Road Trip on a Road Trip
Our southwest trips usually include a stop in Tucson, making a visit with our snowbird friends in Florence an easy transition on our way up to Phoenix. This time Tucson was not on the itinerary, so we created another little road trip for some fun with friends and to explore more of the history and beauty of Arizona.
To start at the beginning of this series, visit The Spectacular Southwest.
The Best Laid Plans
We would have saved lots of ($4/gal+) gas had we included Dobbins Lookout and the Riparian Preserve (from my last post) on our way to Florence as planned. But the kitchen sink in our condo had other plans and by the time maintenance got it draining properly, we decided to skip those first two stops. The good news is we arrived a little earlier at our friends’ place for a great afternoon of catching up with Mr. Gilberti’s wine before fish & chips and Boozy Bingo at a local pub.
Boyce Thompson Arboretum
The next morning, we got an earlier start to beat the heat – although we should have left way earlier to achieve that goal! We had hoped to do a little hiking at the Apache Trail of Tears today as well, but with temps once again in the 100s, we decided to postpone that hike till next time we visit – a little earlier in the year.
We traveled about half an hour to Superior for a fabulous visit at the Boyce Thompson Arboretum – Arizona’s first and largest botanical garden. As we approached the Welcome Center, I took pictures of the blooming cacti that were potted for sale – assuming I wouldn’t see many others with this dry spring, but I would be pleasantly surprised by some pops of color along the way.
“Col. William Boyce Thompson was an American engineer, financier, and philanthropist who created his fortune in the mining industry. His visits to Russia before the Revolution and again in 1918 just after, changed his life. As a member of an American Red Cross relief mission, he witnessed rampant crop failure and starvation and saw firsthand the suffering of the people. The Russian experience convinced him that agriculture, food supply, and social justice are linked. This conviction, along with his faith in science, helped to shape his philanthropic projects around plants and plant science.
In the early 1920s, Thompson, enamored with the landscape around Superior, built a winter home overlooking Queen Creek, and called it the Picket Post House. In 1924 he founded the Boyce Thompson Institute for Plant Research in Yonkers, New York (now at Cornell University in Ithaca), and the Boyce Thompson Arboretum on 400 acres around the Picket Post House, in Queen Creek Canyon.”
A Feast for the Eyes
There are almost five miles of trails throughout the Arboretum, with a diverse combination of gorgeous trees, cactus and terrain. It was hard not to take pictures of everything I saw, and adding in a historic building or two didn’t help!
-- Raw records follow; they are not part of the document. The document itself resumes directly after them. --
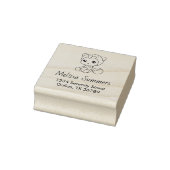 Baby Boy Girl Beer Jumpsuit Adres Rubberstempel (Stempel)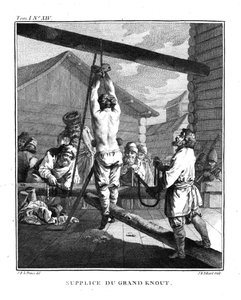 Straff med en stor knute. Fra Voyage en Sibérie, 1766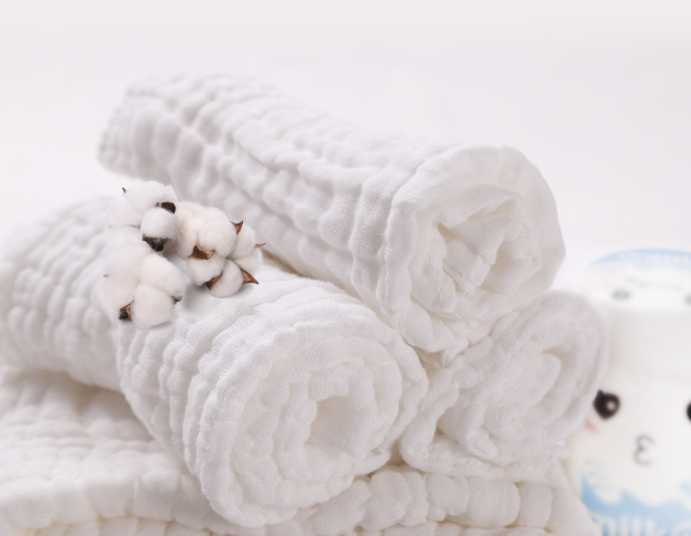 Baby Cotton Gauze Diapers Easy To Absorb Water And Washable 4 Layers Of Gauze For Newborns — foto 4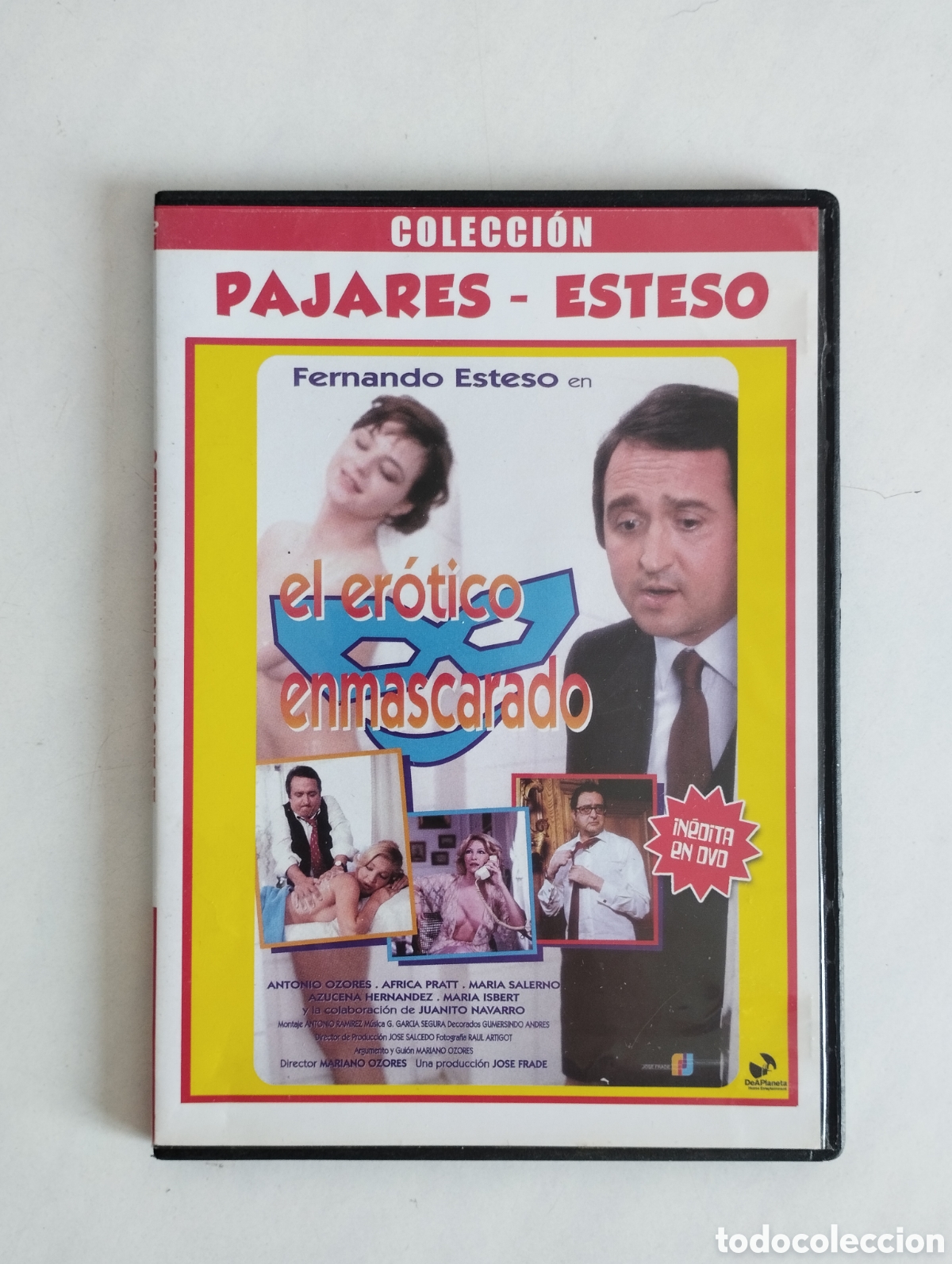 Cine: PELICULA DVD EL ER&Oacute;TICO ENMASCARADO (estuche slim)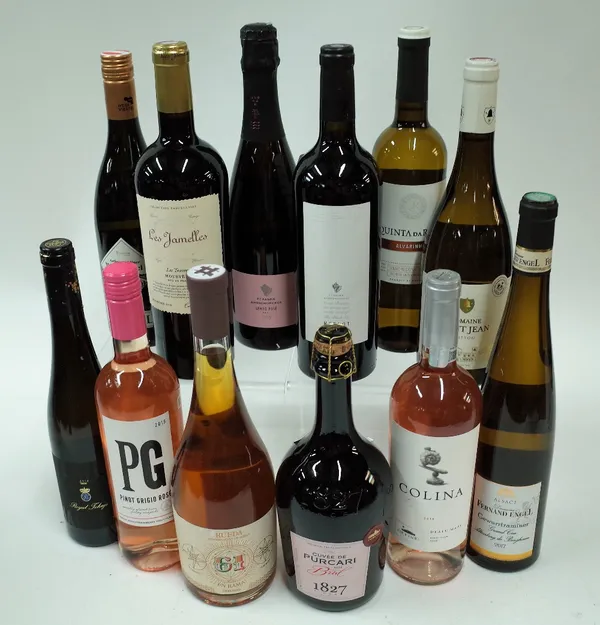 Box 88 - Wine   Domaine Saint Jean Luberon 2019   Quinta Da Raza Alvarinho 2019   Colina Rosé 2019   PG Rosé 2019   61 Dorado En Rama Palomino Verdejo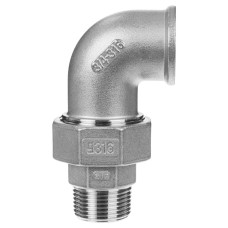 Американка кутова GEBO 1/2" ВЗ нержавійка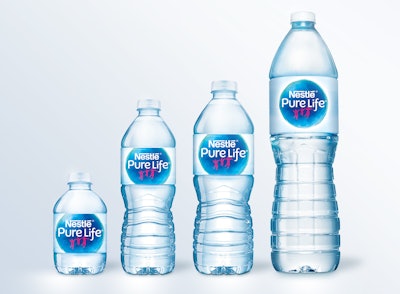 A new watercolor image magnifies Nestlé Pure Life’s message that the future is filled with possibilities.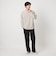 KIVANC ノーカラー 長袖 Tシャツ -ストレッチ-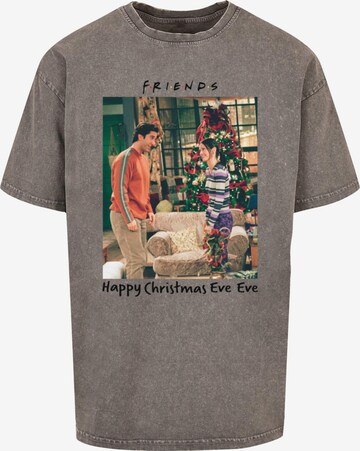 ABSOLUTE CULT Shirt 'Friends - Happy Christmas Eve Eve' in Grijs: voorkant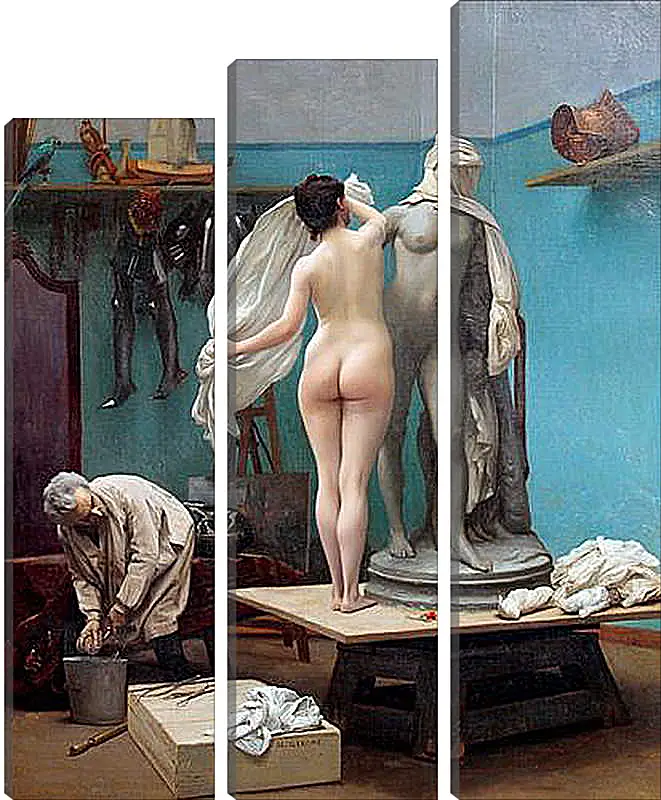 Модульная картина - Завершение сеанса. Жан-Леон Жером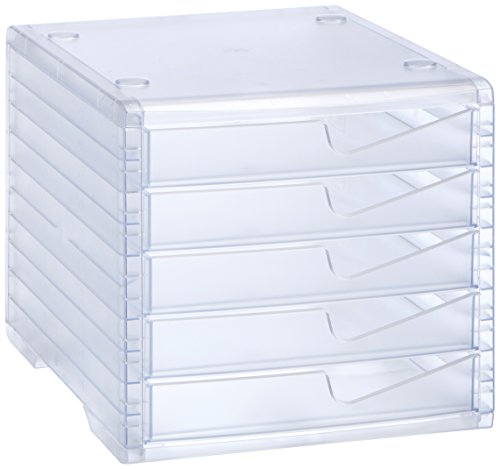 Styro 275-8430.224 Bürobox styroswing light, transparent von Styro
The Smith Building (below) dates back to 1926. It was designed and built by Lord & Burnham of native rock, and looks so beautiful in its natural setting. It was named after William T. Smith (longtime chair of the board and CEO) for his contributions to the Arboretum’s growth and development.
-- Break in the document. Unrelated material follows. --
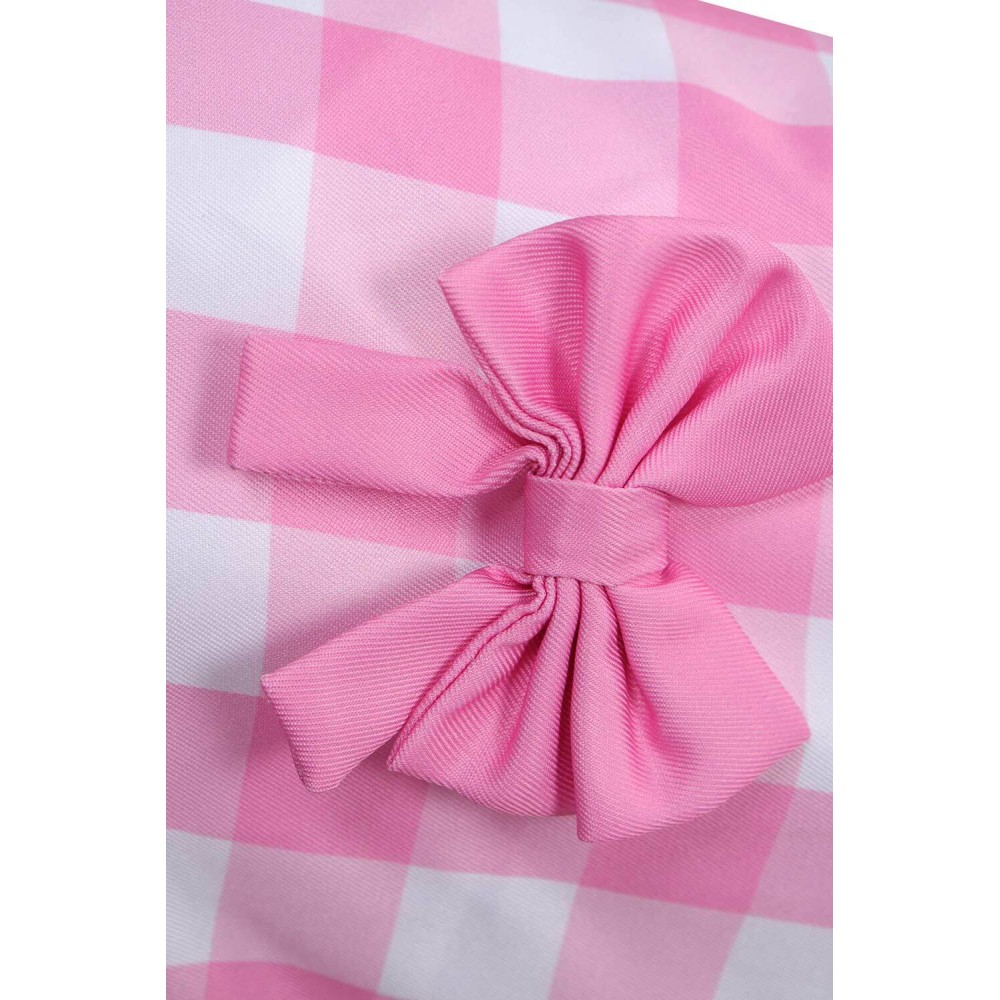 Vêtements pour chien en plaid rose, costume de cosplay, tenue pour Halloween et carnaval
“The Smith Building is not just an architectural marvel; it is a space for learning and conservation. The Smith Building’s greenhouses showcase a diverse array of plant species from around the world. From rare succulents to endangered cacti, these greenhouses are a treasure trove of botanical wonders, offering visitors a glimpse into the beauty and fragility of our planet’s plant life.”
More Color!
When I moved to Arizona in April way back in the 70s, apparently the valley was inundated with rain just before my arrival, because cactus blooms and flowers were everywhere! I was so amazed by its beauty that I immediately fell in love. I haven’t seen anything like it on subsequent visits, but I love every little bloom that I see.
Ayer Lake
It was certainly a surprise to see a lake in the middle of the desert, but Ayer Lake was manmade in 1925 for the survival of the plants and animals at the arboretum. The third photo below states that across the lake, water is pumped in from a well over the ridge of Queen Creek Canyon. The ducks and geese were pretty lucky to have such a nice place to swim on this hot day.
“Natural desert oases were found throughout the Arizona desert in times past. Today, because of human use of desert water, few of these natural oases are left. Ayer Lake serves as a home for a variety of water-loving plants and animals, some of which are endangered.” ~ from the sign below
Amazing Trees
The first two photos below show Mr. Big – the largest eucalyptus tree in the gardens. This “Arizona Champion” is a Longbeak (red gum) Eucalyptus and was a three-year-old, six-foot sapling when he arrived here in 1926.
“Today he stands at 117 feet high and has a circumference of more than 22 feet. It is the largest known tree of its species in the country according to the Arizona Forestry and Fire Management Agency.”
Clevenger House
When Robert Clevenger built this stone house for his wife and five children (yes, 5!), he used a mountain as one of its walls! Robert grew produce and herbs on his land, which he sold at local markets. With Queen Creek about fifty yards away, water was not an issue – back then. Today, the creek is not flowing nearly as fast as the good ole days (if at all).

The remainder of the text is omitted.